Aim of the exercise: Repeat the lines of the data exactly and exclude any picture among them.

Data shown:
____
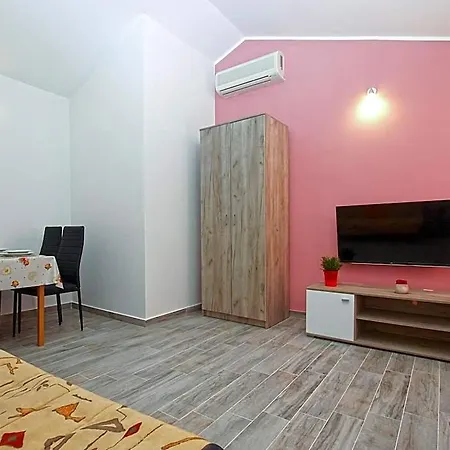 898 Hotel 3*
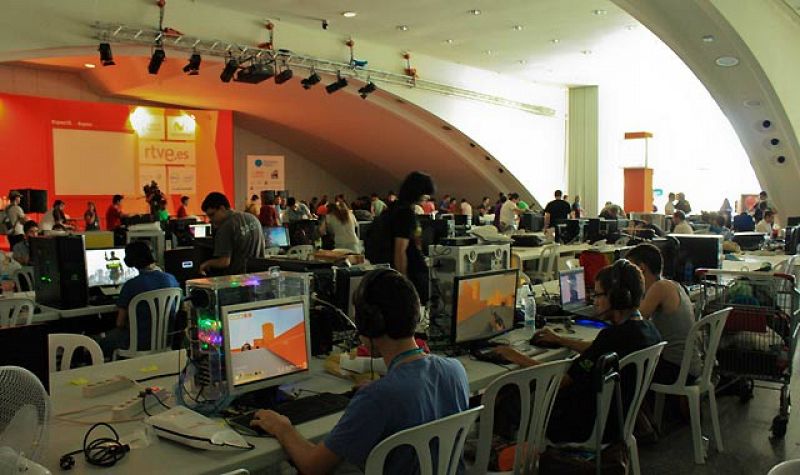 La inauguración oficial de la Campus Party 2011 homenajea a los pioneros de Internet en España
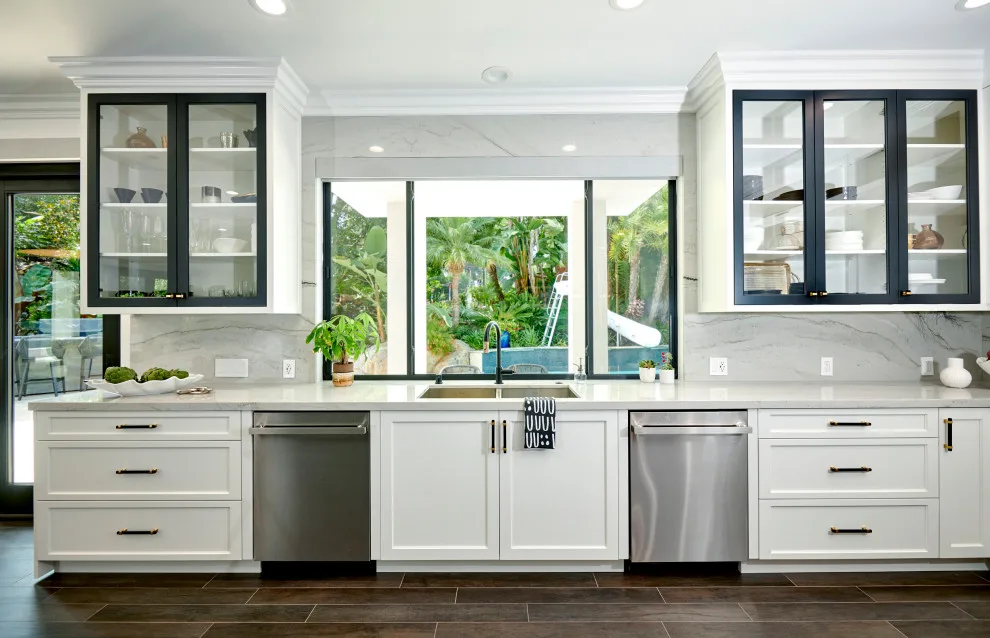 Stylish Modern Residence by Signature Designs Kitchen | Bath | Interiors - Photo 36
____
Finished exercise:
 898 Hotel 3*
 La inauguración oficial de la Campus Party 2011 homenajea a los pioneros de Internet en España
 Stylish Modern Residence by Signature Designs Kitchen | Bath | Interiors - Photo 36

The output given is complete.